New York politicians, especially city Mayor Bill de Blasio, an affordable housing advocate, also have a stake in the outcome.

Harder to Hire

Even as 56% of firms in the AGC report said they are increasing base pay rates for craft workers, 78% expect that “it will either continue to be hard, or become harder, to hire hourly craft professionals during the coming year.”

Michael Sireno, president of San Antonio-based nonunion drywall contractor Baker Triangle, says pay rates for field employees are up 20% over the last two years “and we have increased our benefit package with added vacation time and 401K matching as well as health insurance.” He adds that “although we are seeing a recovery of sorts, it has been slow in this market and profits have not moved upward,” he says.

On projects bid over a longer term, “the increase in pay rates comes right off the bottom line.” He says that workers who left for higher paying oilfield sector jobs are not returning even with that sector’s downturn.

But falling oil prices don’t appear to be hurting the outlook for Pipeliners Union Local 798 bargaining in 2017, says Daniel C. Hendrix, business manager of the Tulsa-based union. “We are still blessed with an abundance of work opportunities,” he says. “I feel very positive that when negotiations begin, we will be in a strong position... with at least improvements equal to or better than what was achieved last term,” which included 3% annual wage hikes.

Hendrix says lower oil prices “will actually push clients to find the most economical way to transport the product, which is pipelines.”

Recent analysis shows improved wage and fringe packages for union labor, although at a more modest rate. In September, the Construction Labor Research Council reported that the average bargaining settlement during the first half of 2015 resulted in a first-year increase of 2.5%, with second and third-year hikes each at 2.6%.

By comparison, average first-year increases were 2.3% in 2014 and 2.2% in 2013. “We haven’t seen a big jump [in settlements] occurring yet,” says Carey Peters, its executive director. “There’s been a steady increase since 2011, when the average was 1.7%.”

Confidence in the construction market’s long-term stability also is reflected in recent settlements, Peters says. “During the beginning of the downturn in 2008, contract lengths got shorter—that was a very prominent theme,” he says. “There were more and more one-year contracts, but that trend has now reversed. It’s getting closer to what it was in 2007, but still short of that.”

On the Horizon

The CLRC findings mirror those seen in California.

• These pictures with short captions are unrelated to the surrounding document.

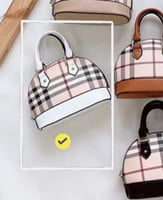 حقيبة بربري اطفال ابيض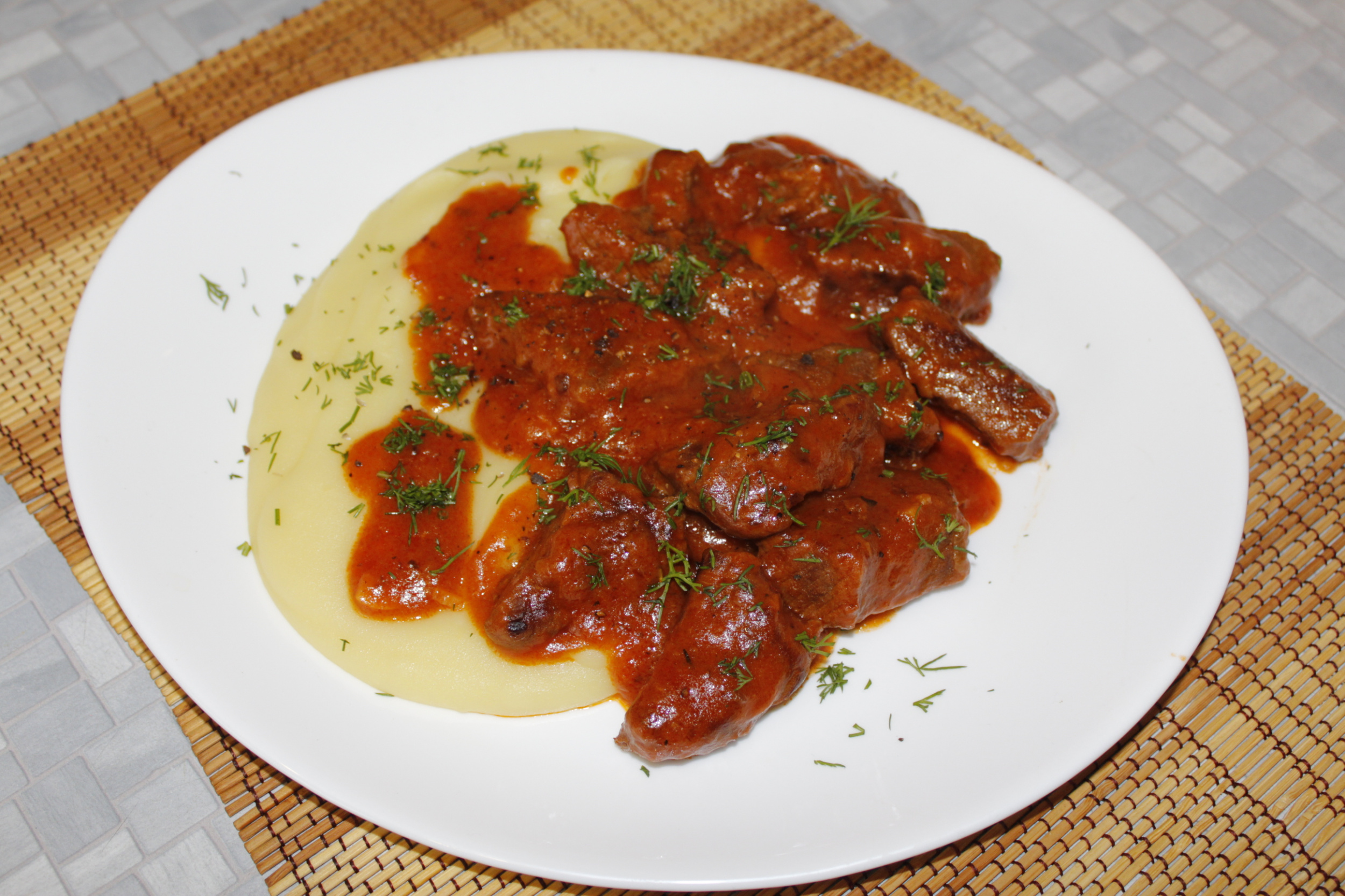 Elk stew in red sauce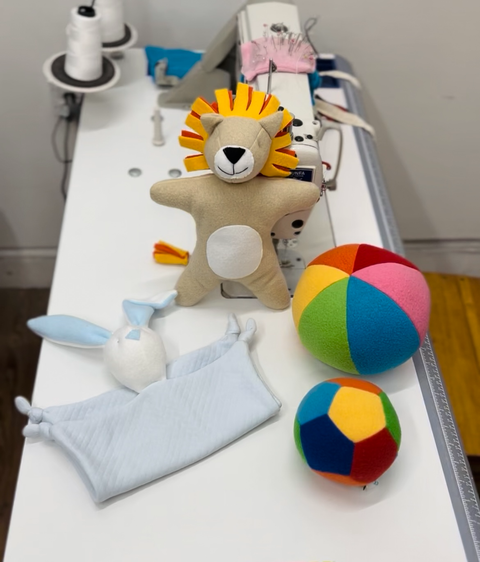 Súper Combo BEBÉS - 2 Pelotas + Trapito + Muñeco León - ¡Curso con videos paso a paso!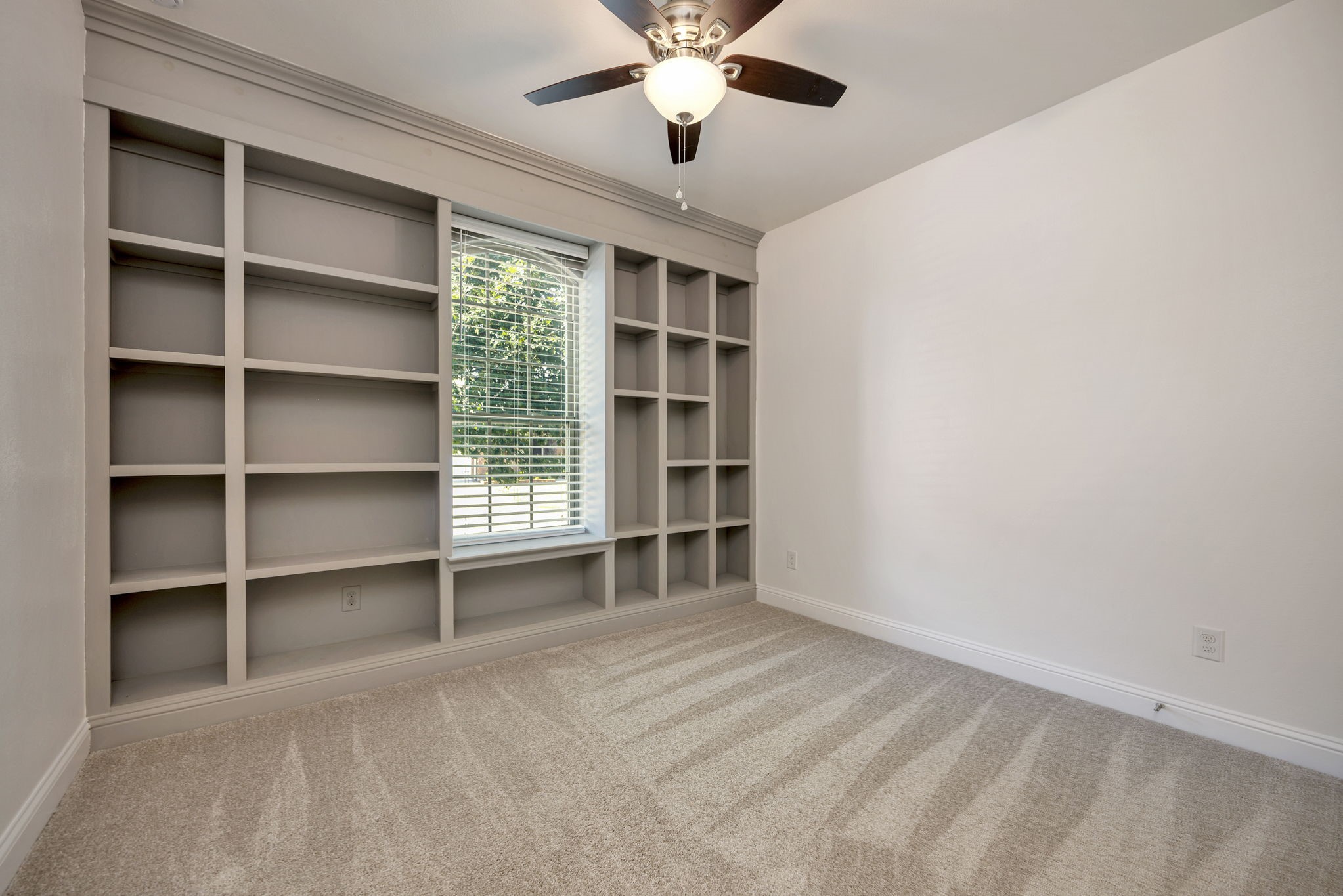 1395 Sandhurst Drive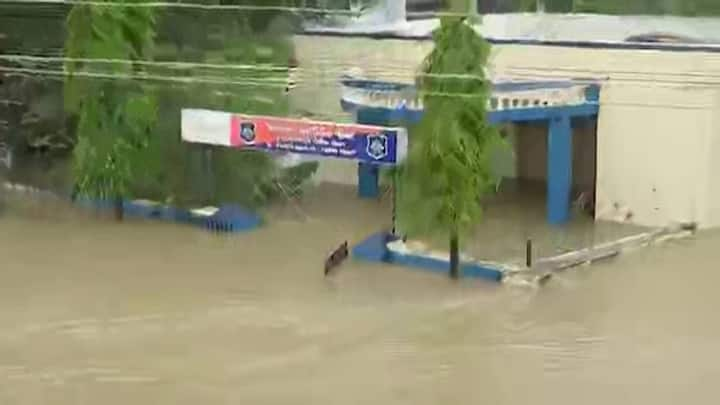 Guajarat Rain Photo: વરસાદ અને પૂરના પ્રકોપનો સામનો કરી રહેલા ગુજરાતને રાહત મળવાની આશા નથી, હવામાન વિભાગે વધુ ભારે વરસાદની આગાહી કરી છે.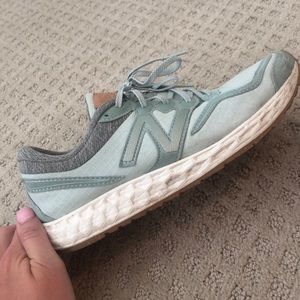 New Balance tennis shoes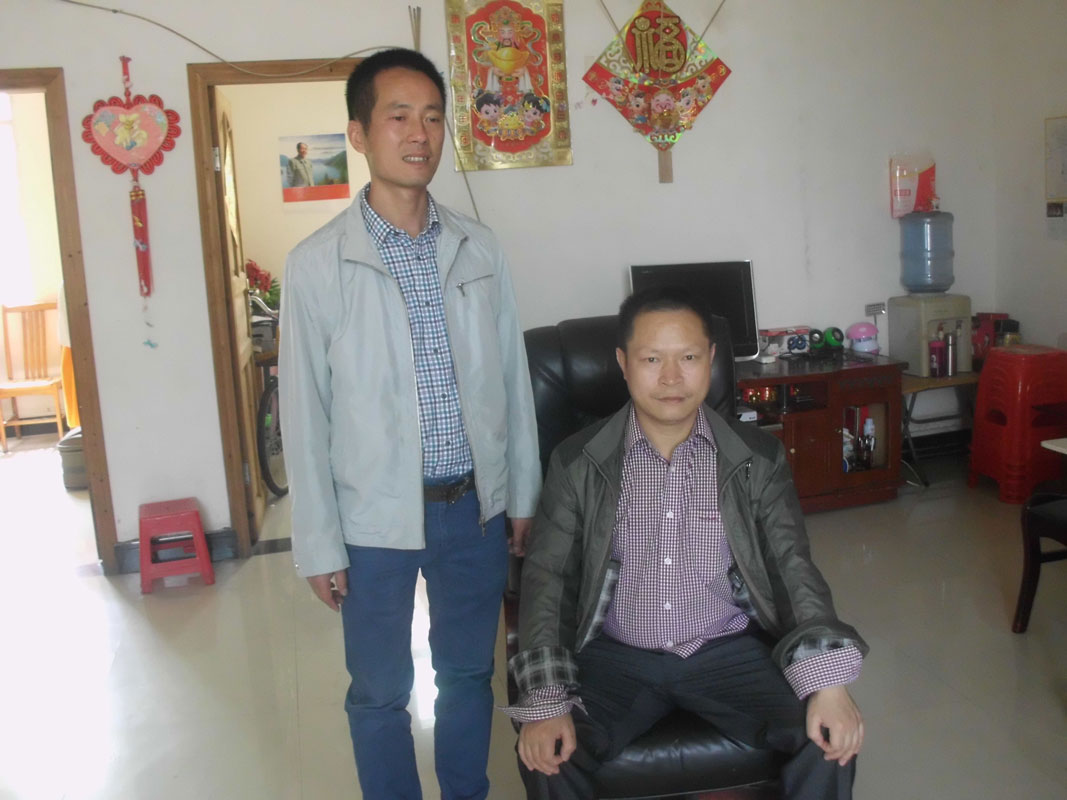 弟子钟积雄与黄炳燚老师合影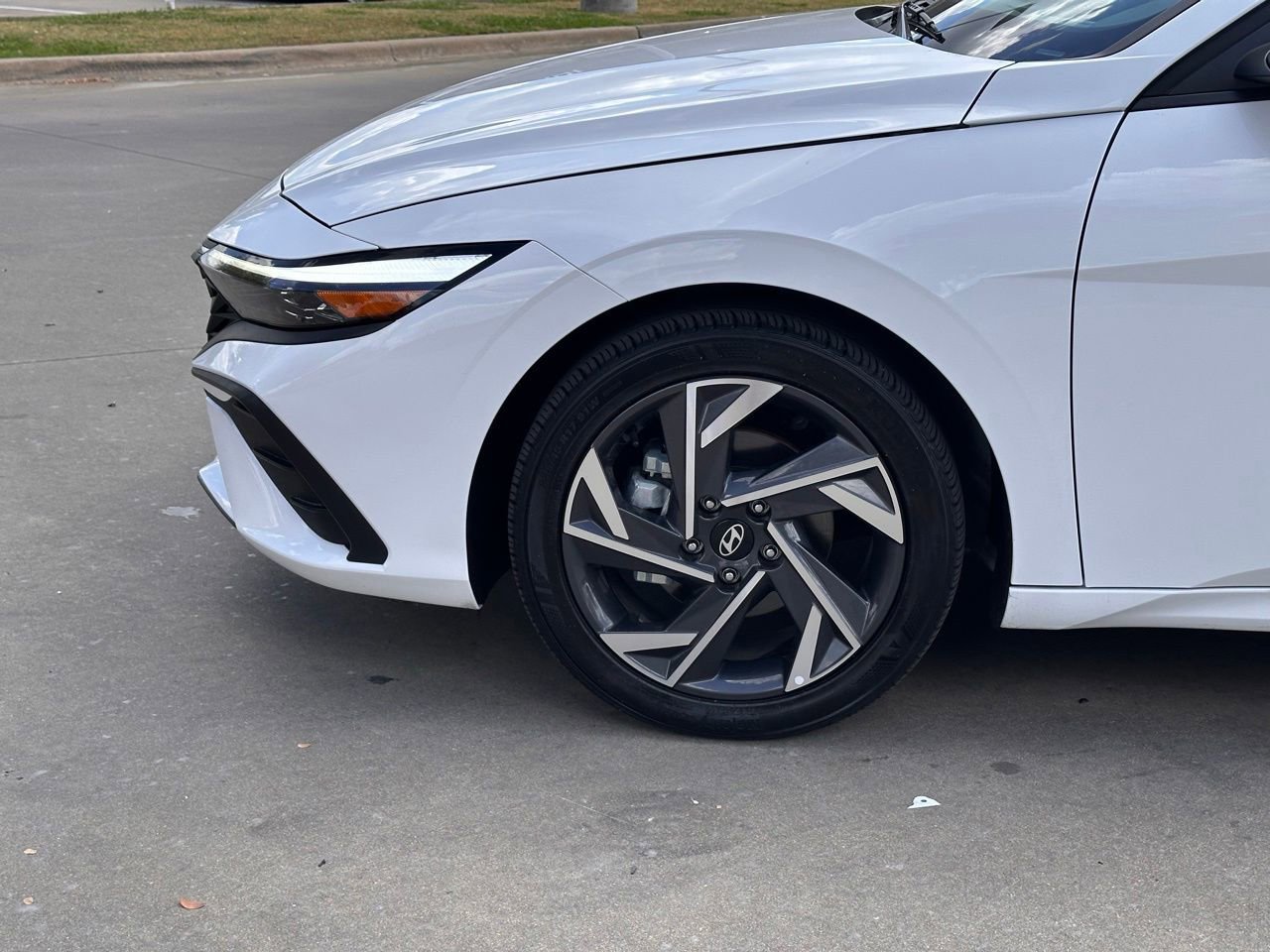 Certified 2025 Hyundai Elantra Sport w/ Cargo Package image 7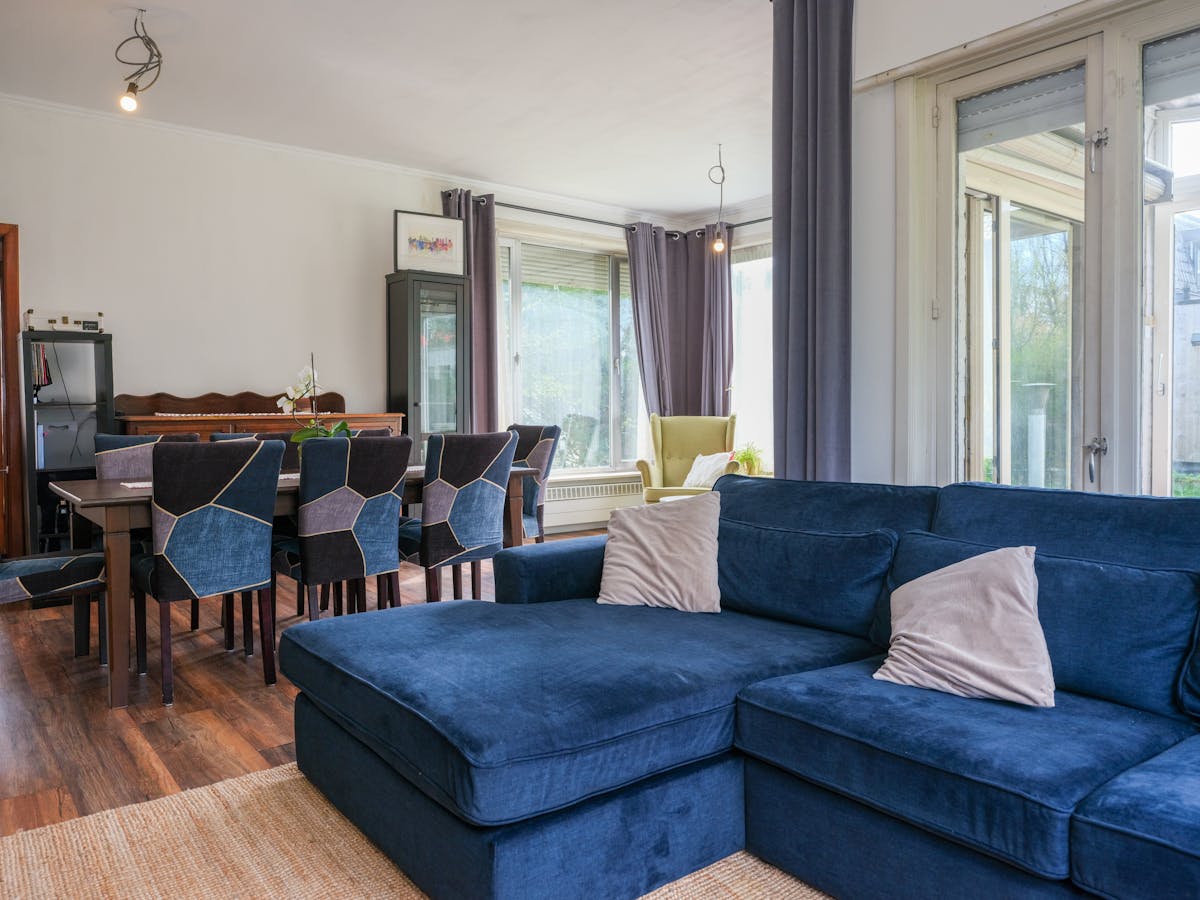 4 bedroom house to renovate in Assebroek - photo 4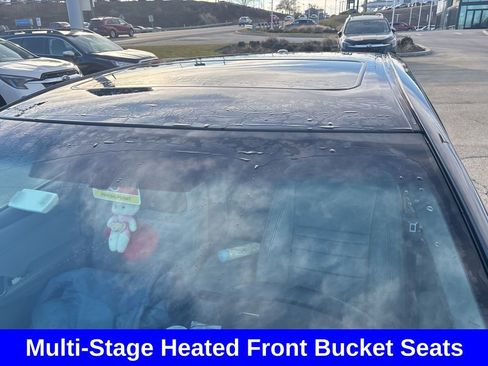 Used 2015 Toyota Camry XLE w/ Moonroof Package image 11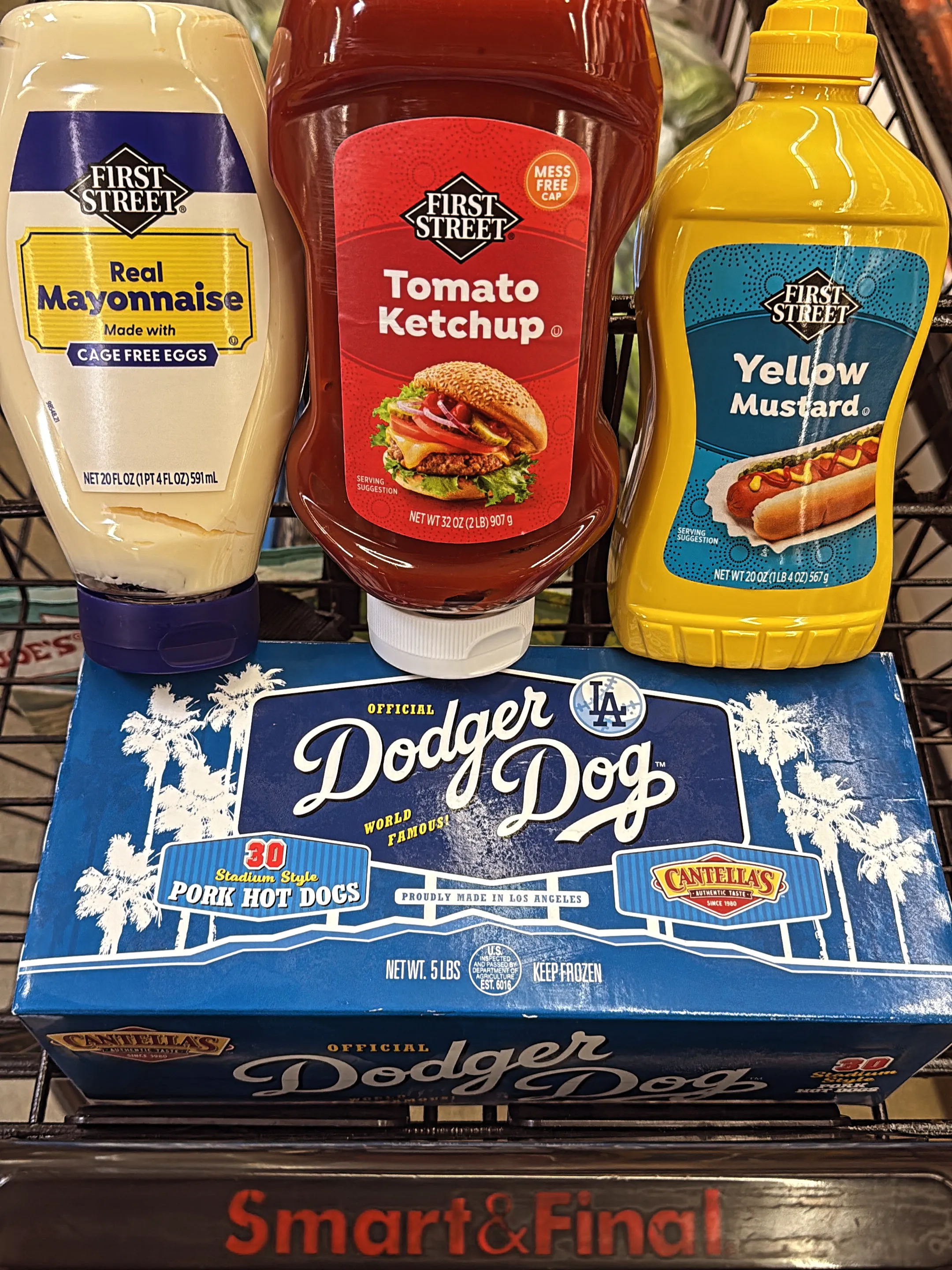 Dodger Dogs and condiments — the premium ingredients behind every Mr. Hot Bunz event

Robbie Hunter, president of the State Building & Construction Trades Council of California, says most union trades in the state are seeing increases of 2.5% to 2.89%. “That’s coming off six years with contract periods that had no pay raise at all,” he says. “Just about all of the trades did a one-year deal two years ago, They could see the work coming on the horizon, but it just wasn’t there yet.”

Mark Breslin, CEO of the Bay Area union heavy-highway contractors’ group United Contractors, says “unions are not experiencing completely empty halls, but near enough.” He notes booming activity in San Francisco and its environs “fueled by tech investment and a resurgence of housing and pricing on a regional basis.”

"Tthe high-tech boom in Silicon Valley is an absolute game changer and doesn't look to be cooling off anytime soon," says Michael Ghilotti, president of heavy contractor Ghilotti Brothers Inc., San Rafael, Calif. "But the gorilla in the room is where the funding for public works is going to come from."

Hunter points out that costs related to health and benefits continue to factor heavily into union compensation. He says most of a recent three-year settlement with ironworkers with 3% annual increases, was earmarked for retirement and health. “Those members are seeing probably less than a dollar on their check,” he says.

Ghilotti also remains concerned about union pension fund unfunded liability, "the reason nonunion companies are hesitant to sign on." He sees open shop firms building market share in the Bay area in jobs under $1 million, "which can add up to big dollars."

CLRC’s Peters says that while many firms are reporting shortages, the severity varies. In a report the researchers did for The Association of Union Constructors, of the 52% of respondents reporting a union labor shortage in 2014, only 11% saw a significant one.

There are notable differences in some markets. In the first half of 2015, union labor pacts in the northwestern U.S. resulted in an average first-year increase of 2.9%, compared to 1.4% in the southeastern states, says CLRC.